Durham Police Gets Helping Head From A Suspect Assessing AI

police handcuff security crime keyboard © Oleksiy Mark Shutterstock

The police force is set to go live with the HART AI system in a couple of months

Artificial Intelligence (AI) is being prepped for use by police in Durham with the aim of aiding in the decision to keep a suspect in custody or not. 

Durham Constabulary plans to use the system, dubbed The Harm Assessment Risk Tool (HART), to classify whether suspects have a low, medium or high risk of offending, 

HART has been trained for five years using historical police records held by the Constabulary between 2008 and 2012, and was found to classify low risk suspects correctly 98 percent of the time and get the verdict right for high risk suspects 88 percent of the time. 

With this in mind, Sheena Urwin head of criminal justice at Durham Constabulary, told the BBC that he predicts the system will go live relatively soon. 

“I imagine in the next two to three months we’ll probably make it a live tool to support officers’ decision making,” she said. 

Policing bias 

robot in handcuffsWhile HART had been found to produce solid results and that it often erred on the safe side by classifing many suspects as medium risk, there are concerns that the AI could show bias in the decisions it makes. 

Custody sergeants have the ultimate decision, but there is an argument that people can be easily influenced by the decisions computer’s come up with; for example, people often invest a lot of credence in the answers a Google search will throw up. 

And given many AI systems are often trained with human oversight and involments, there is a risk that they could take on the biases unconscious or otherwise, of their programmers. 

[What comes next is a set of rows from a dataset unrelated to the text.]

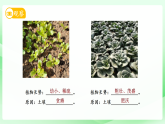苏教版（2024）科学三年级上册 第3课肥沃的土壤课件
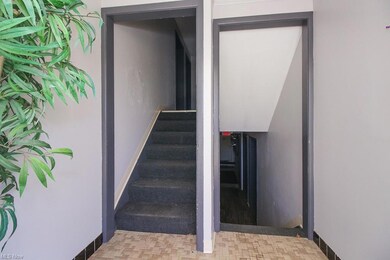 17703 Libby Rd unit 2, Maple Heights, OH 44137 - photo 5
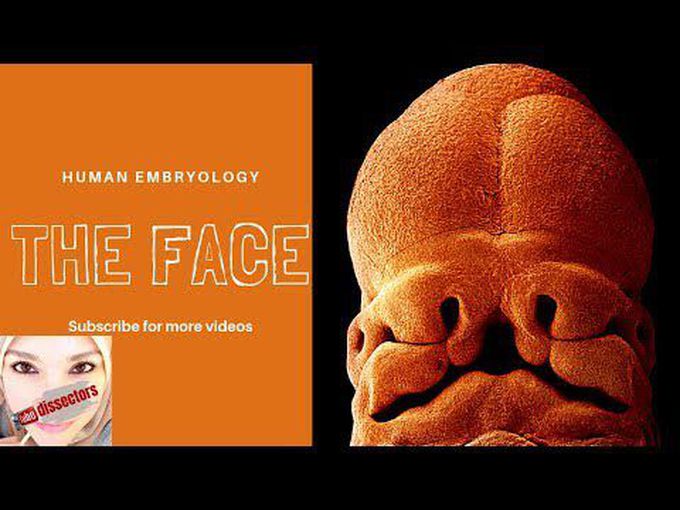 Descriptive development of face, nose, and palate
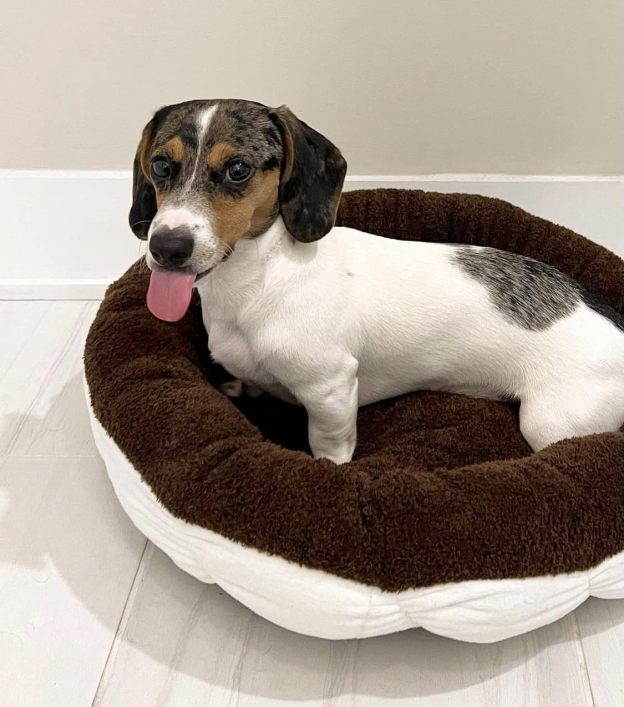 Soft Plush Small Cute and Cozy Food Dog Cat Bed, Washer and Dryer Friendly (Cookies and Cream)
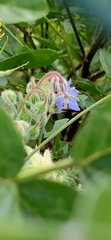 Borago officinalis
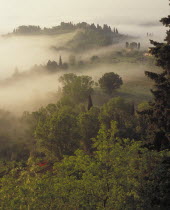Morning mist rising over vineyards and farmhouse amongst green trees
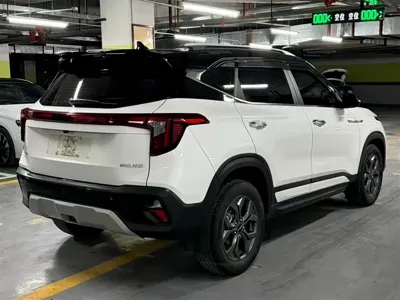 Kia Seltos 2023, 30000 км, за 17492.91 USD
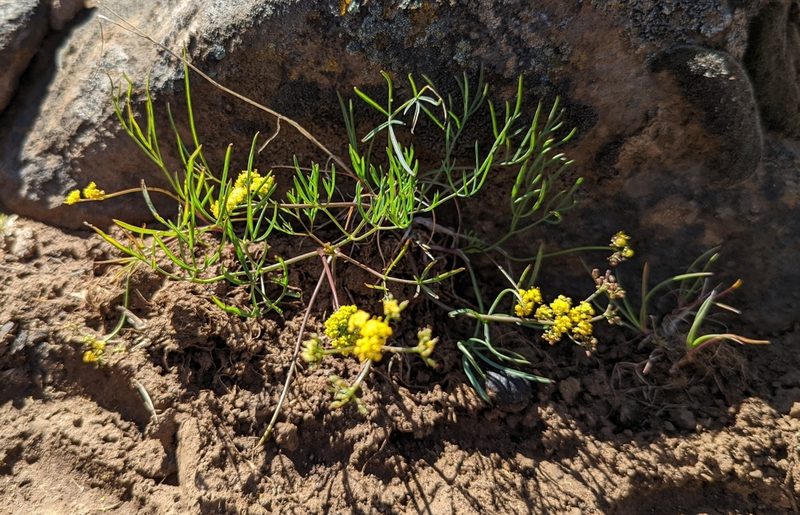 Lomatium farinosum, photographed by John A Haskins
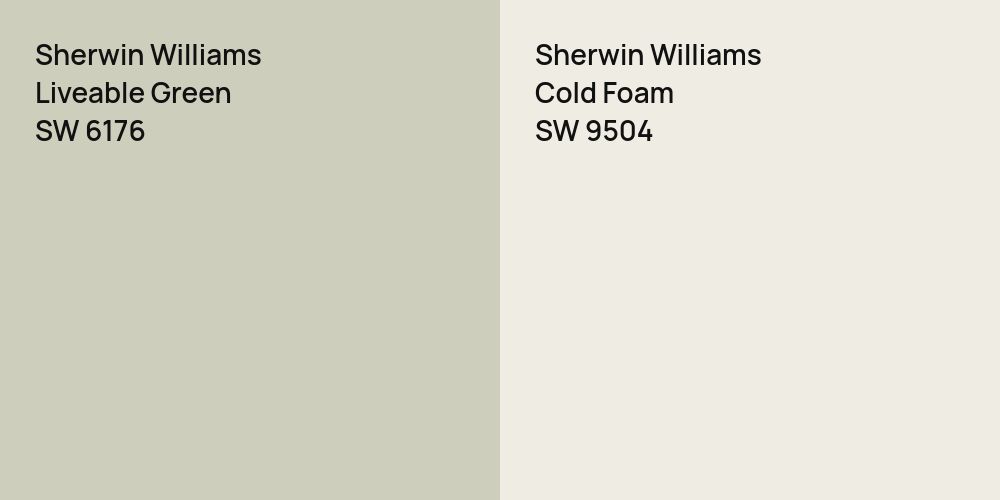 Sherwin Williams Liveable Green vs. Sherwin Williams Cold Foam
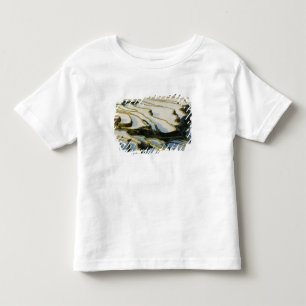 Asia, China, Yunnan Province, Yuanyang County. Toddler T-Shirt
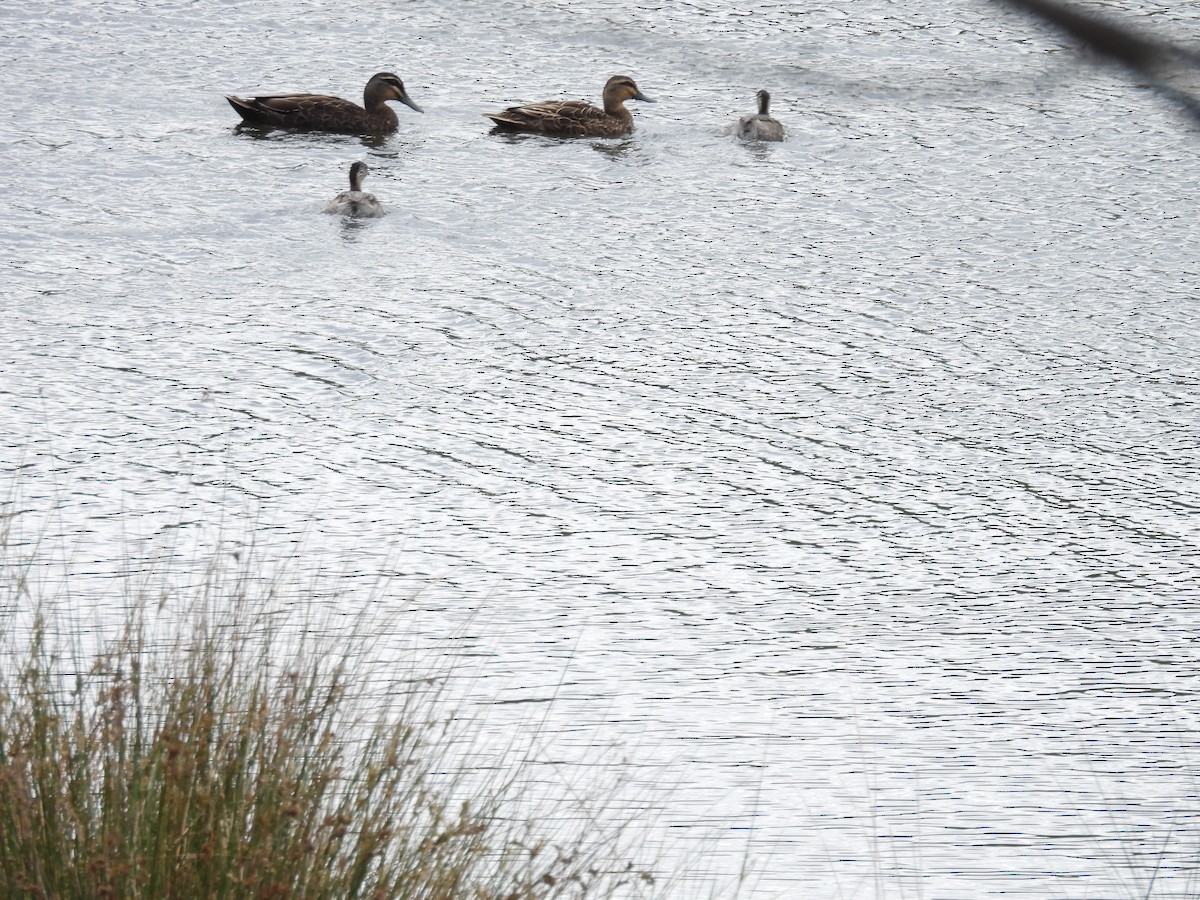 Hoary-headed Grebe - ML645374781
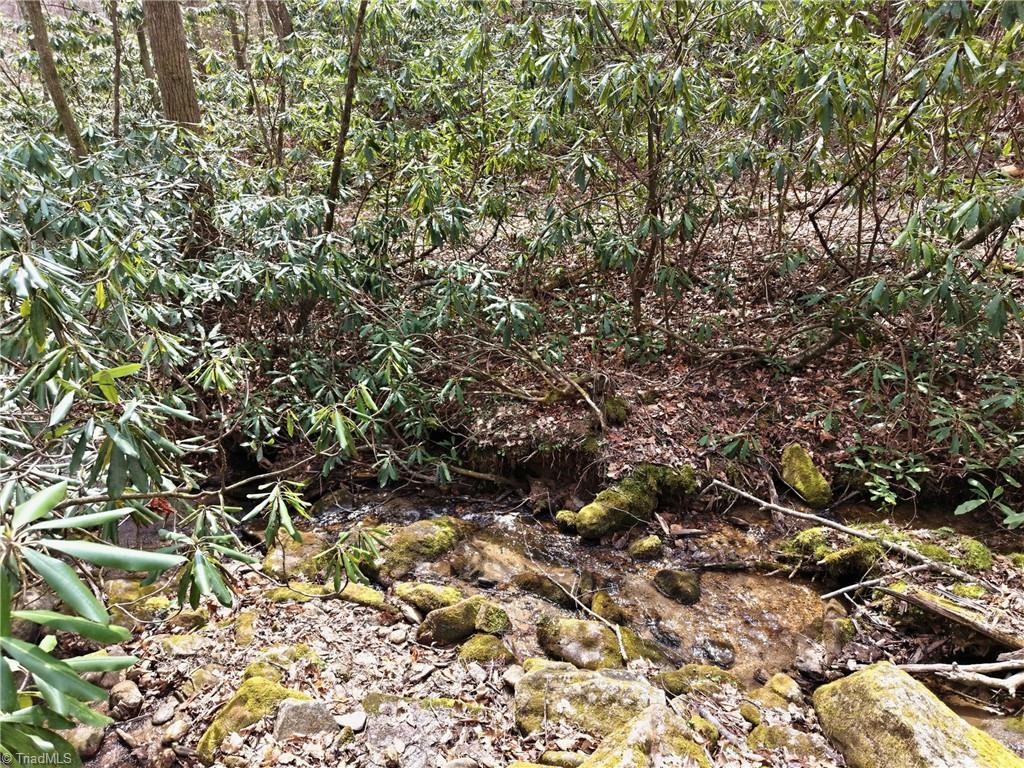 Lot 109-110 Pepper Bush Road Purlear, NC 28665 - Photo 26 of 36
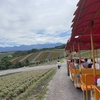 北海道旅行5日目（最終日）　美瑛周辺の絶景スポット巡り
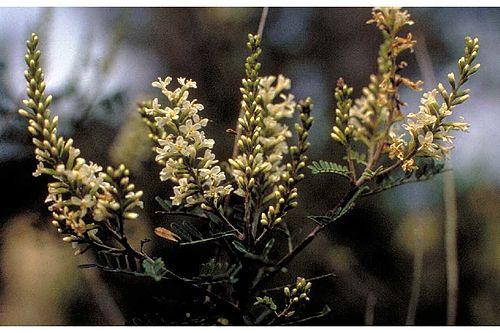 Eysenhardtia texana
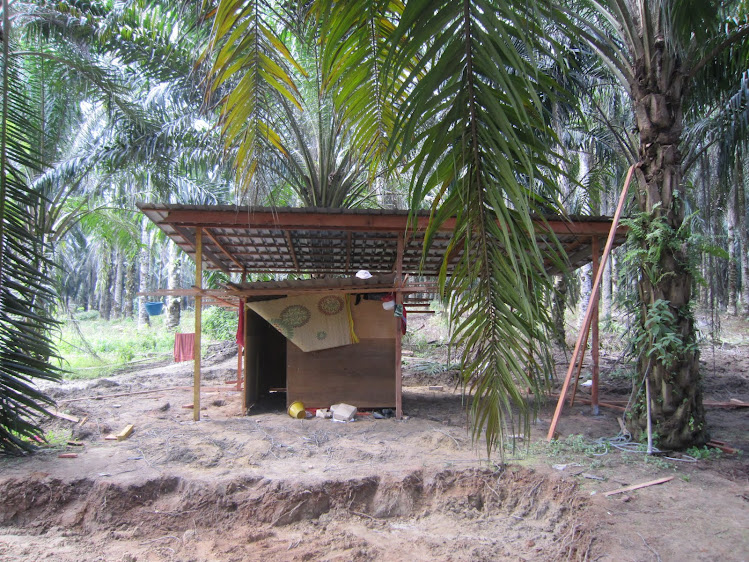 多元小木寮已盖好屋顶了，里面的木房是印尼工人的卧房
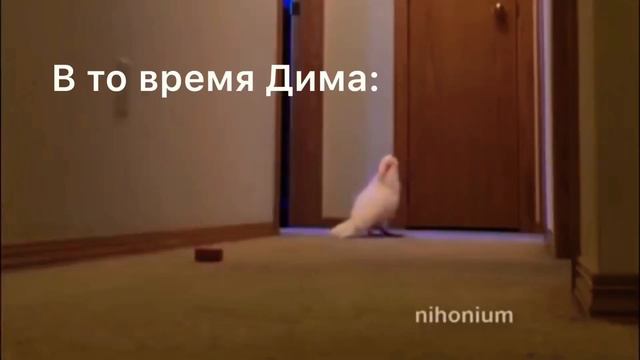 ~/смешные моменты из видосов Лианы/~💗💗💗💗💗💗💗💗💗#етолиана #этолиана смотреть онлайн
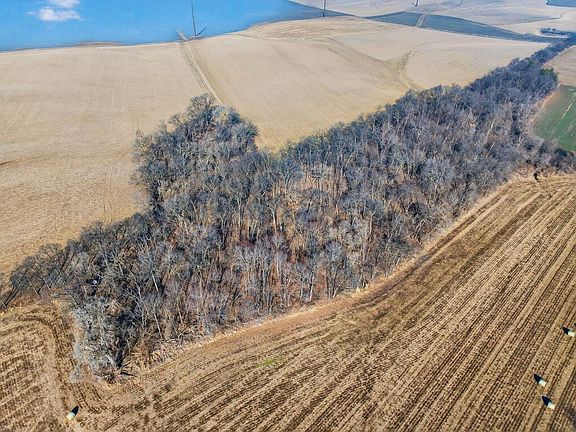 3rd image of 19.85 Acres Riles Road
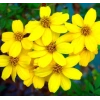 Sarı Madalyon Çiçeği Tohumu - 10 Adet, Geniş Bitki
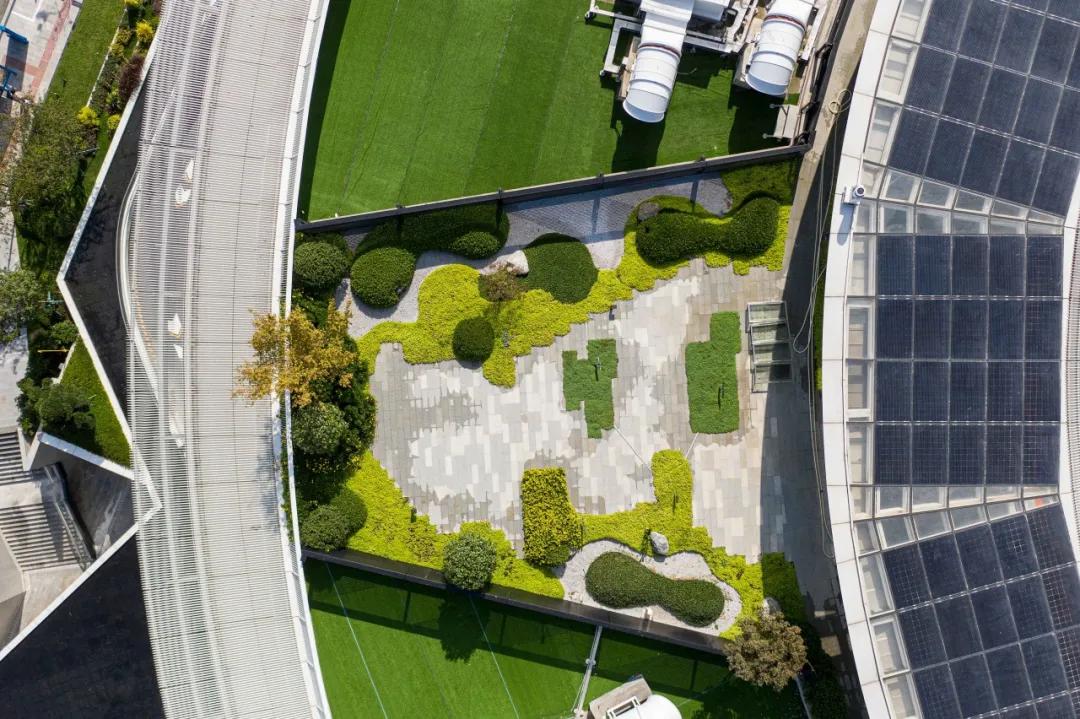 太平鸟时尚中心景观设计,自由的鸟巢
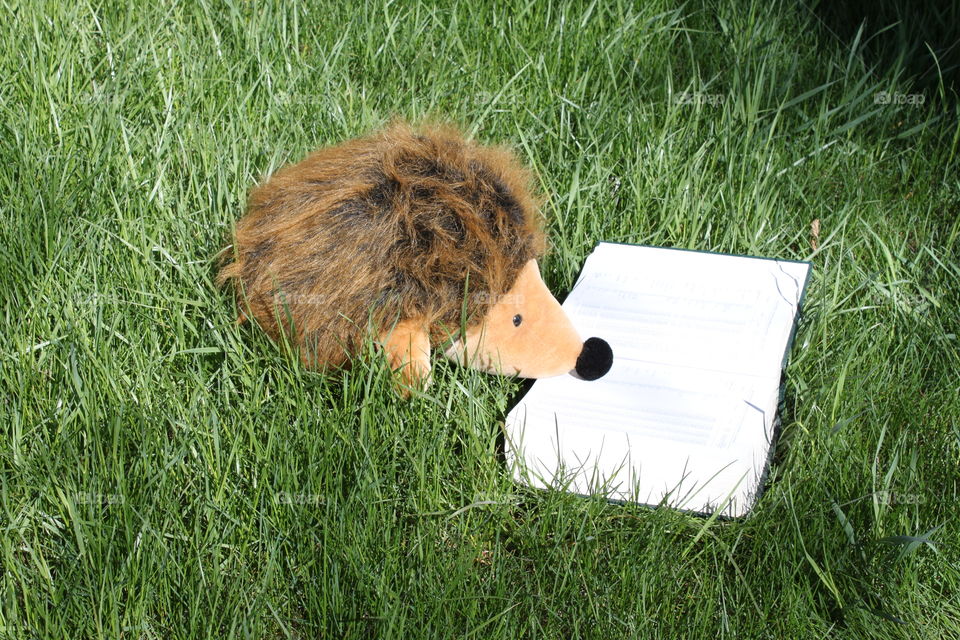 Hedgehog summer reading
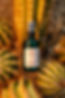 lowrezforweb-132.jpg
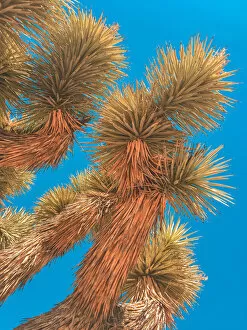 Images Dated 2nd October 2016: Upward view of Joshua Tree on sunny bright day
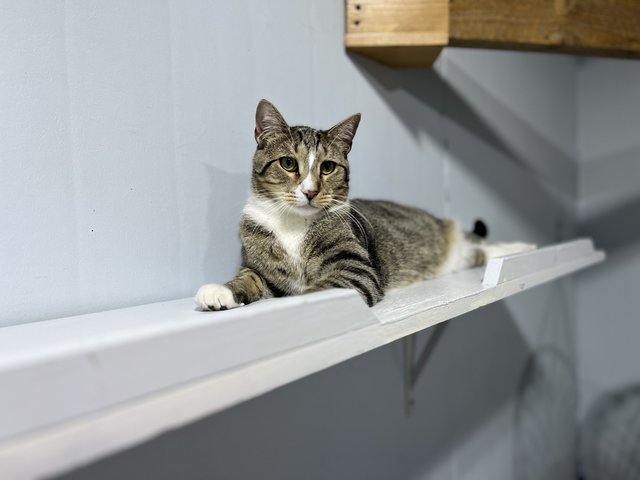 Levi - Domestic Short Hair + Tabby Cat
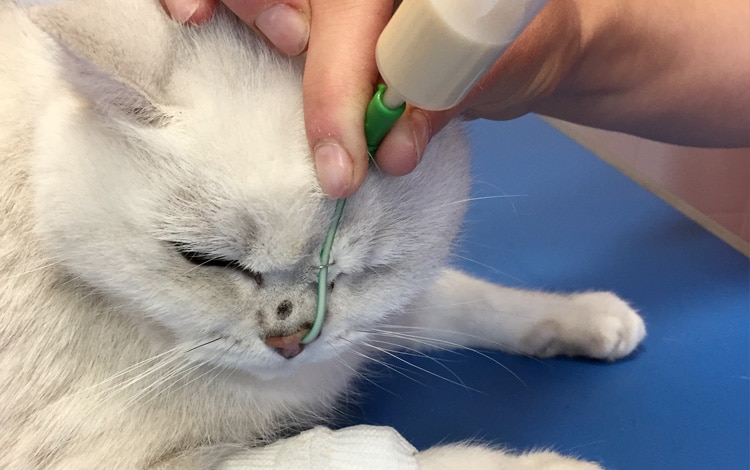 Alimentation du chat malade par sonde naso-oesophagienne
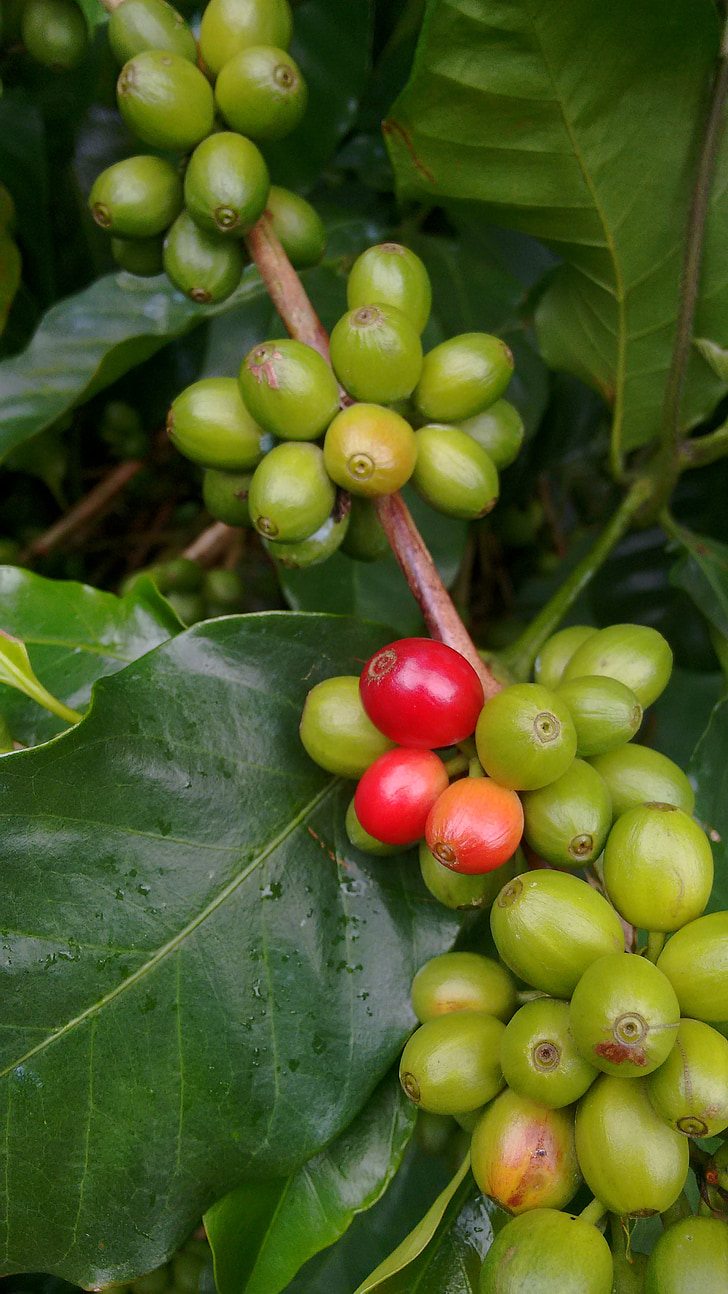 kava, priroda, zelena, grah, uzgoj, svježe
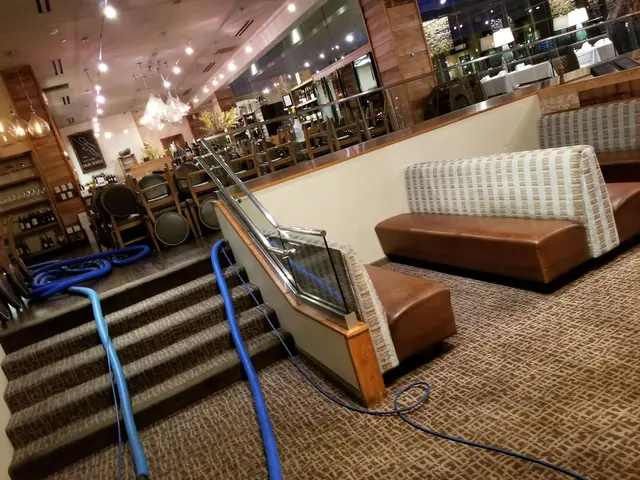 Monster Steamer Carpet Cleaning — photo from the business 11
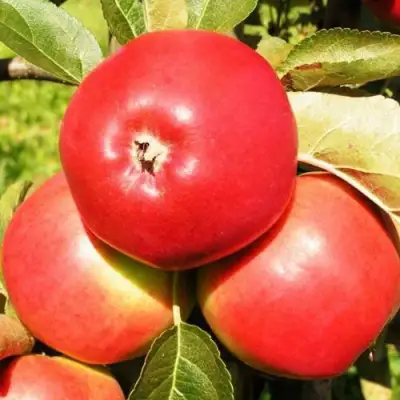 Яблоня СЯБРЫНА в Гомеле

Given HART has access to a suspects postcode and gender among other information beyond their offending history, there is a chance the AI could infere biased decisions from a suite of information seemingly unrealted. 

However, this is only likely to be really determined with through testing and real-world trials, and with human oversight HART should be prevented fromo making any inherently biased decisions. 

And HART’s creators have faith in the system, having told a parliamentary inquiry that they are confident in having mitigated the risks of bias. 

“Simply residing in a given post code has no direct impact on the result, but must instead be combined with all of the other predictors in thousands of different ways before a final forecasted conclusion is reached,” the creators said. 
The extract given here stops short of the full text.